Just sold my PC today, Intel 6800K and GTX 1080, primarily because a guy offered me a good price, and I've been considering moving to an ITX machine.

I'm about to pull the trigger on the following:

AMD Ryzen R7-1800x
ASRock x370 ITX motherboard
16GB Corsair LPX DDR4-3200
GTX 1080 Ti Mini
Noctua NH-L9a CPU Cooler
Corsair SF600 Power Supply
Fractal Design Node 202 Case

I already have a Samsung 960 EVO M.2 that I'm going to use. All in all, it's costing me about $200 on top of what I sold my PC for. Any issues?

The Node 202 isn't my first choice, but it's one of the smaller cases that's readily available and not too expensive. I'd be looking at moving to a Sentry or DAN-A4 once they become available again.
 

kotodama

Member
May 22, 2006
413
0
0
Beer Capital of the World
Posted this in the PC building thread, but thought it might get some feedback here too:

Looks pretty good. But why the 1800x over the regular 1700? You should be able to over clock the 1700 to almost 1800x speeds if you want for a lot less.
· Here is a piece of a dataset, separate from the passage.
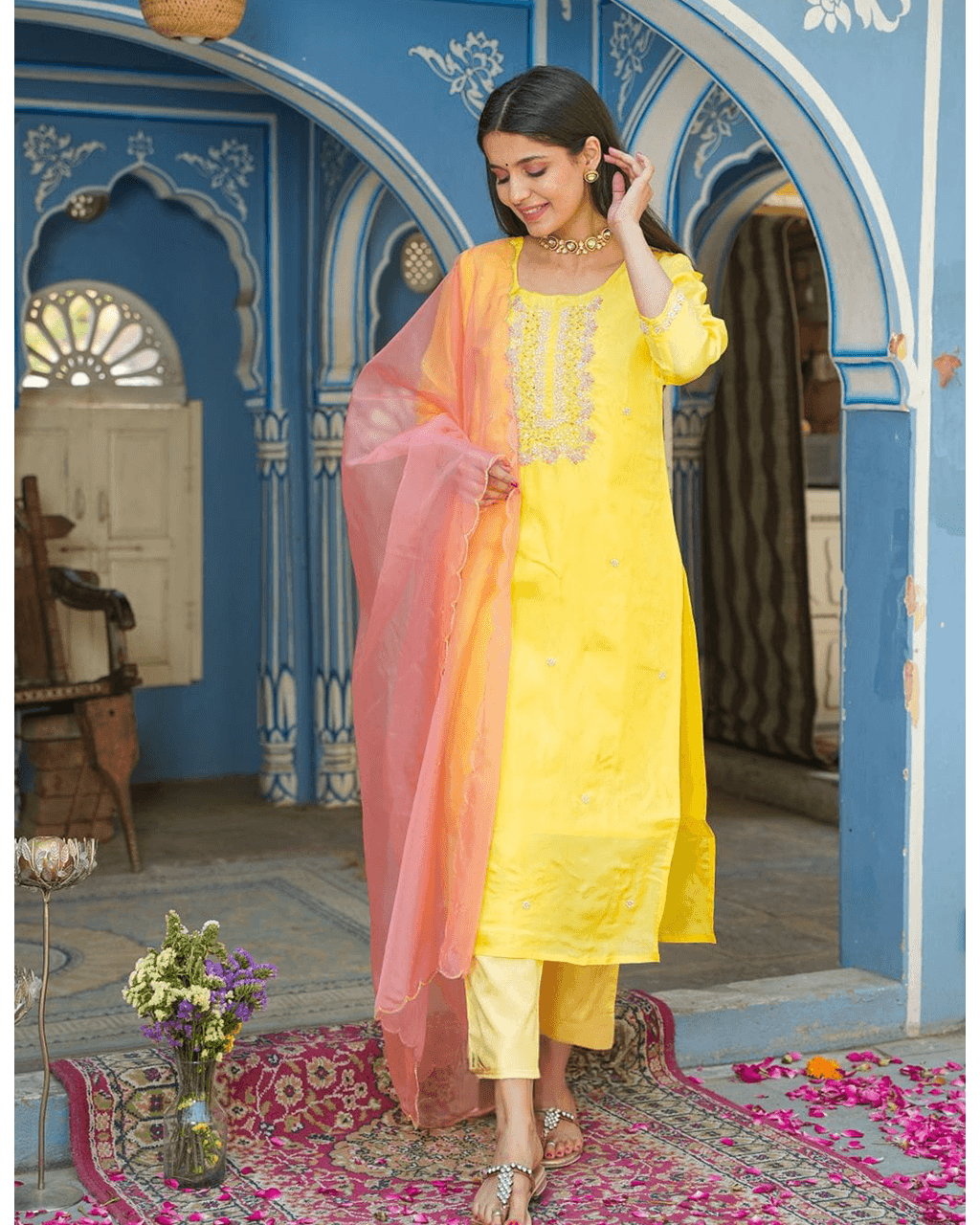 YELLOW OPADA SUIT SET WITH EMBROIDERY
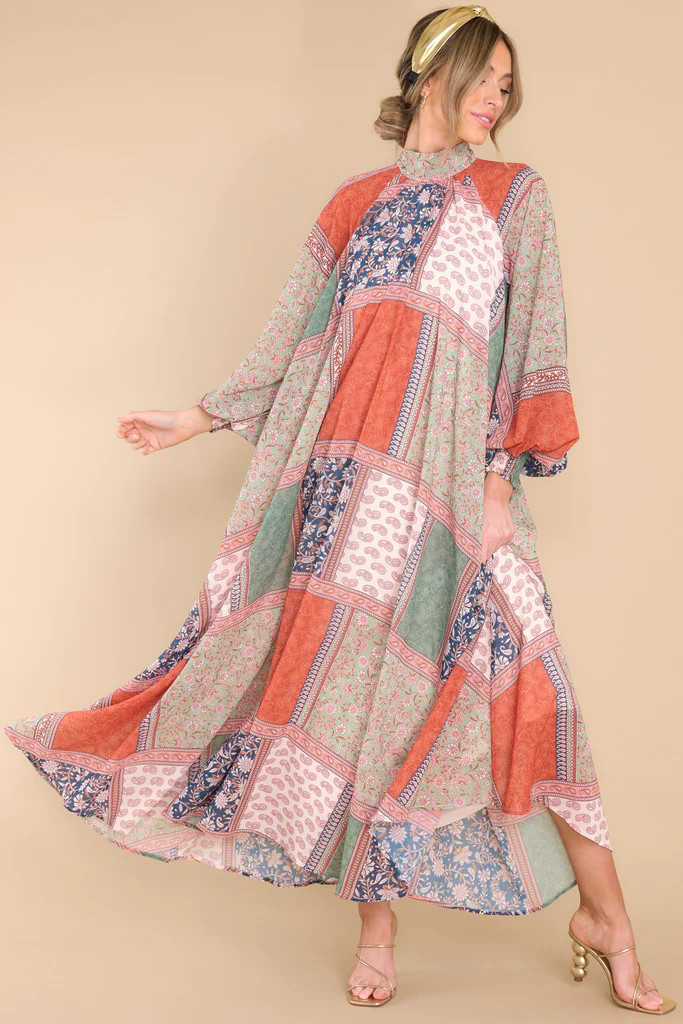 See The Big Picture Apricot Orange Multi Print Maxi Dress | Red Dress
Also make sure those Corsair sticks are Samsung single rank B-dies to make unlocking that 3200Mhz rating much easier. Oh yeah, does that cooler have an AM4 bracket included?
 

Paragon

Member
Aug 22, 2016
1,463
0
0
Well, so much for that. Received my replacement CPU from Amazon and it has the same 1707 date as the original - it was just made in Malaysia instead of China. (and Chinese-made are reportedly the better overclockers)
I was sure that Amazon had previously been sold out, and that they would at least have enough turnover that a replacement would be newer than my old CPU, but I guess not.
The new one segfaults in <180 seconds now, while the old one took 30 minutes.
So if you're going to replace the CPU for this, I guess you have to go through AMD, which likely means being without a CPU for a while.
 
Feb 15, 2013
8,882
7,546
855
London
Looks pretty good. But why the 1800x over the regular 1700? You should be able to over clock the 1700 to almost 1800x speeds if you want for a lot less. Also make sure those Corsair sticks are Samsung single rank B-dies to make unlocking that 3200Mhz rating much easier. Oh yeah, does that cooler have an AM4 bracket included?

With the 1700 you run the lottery of ending up with a chip that can't overclock to 3.8Ghz or even 3.7Ghz if you're really unlucky without high voltages. With the 1800X you are guaranteed more frequency and a better binned chip, so potentially lower voltages for higher overclocks (and the lower heat that brings with it).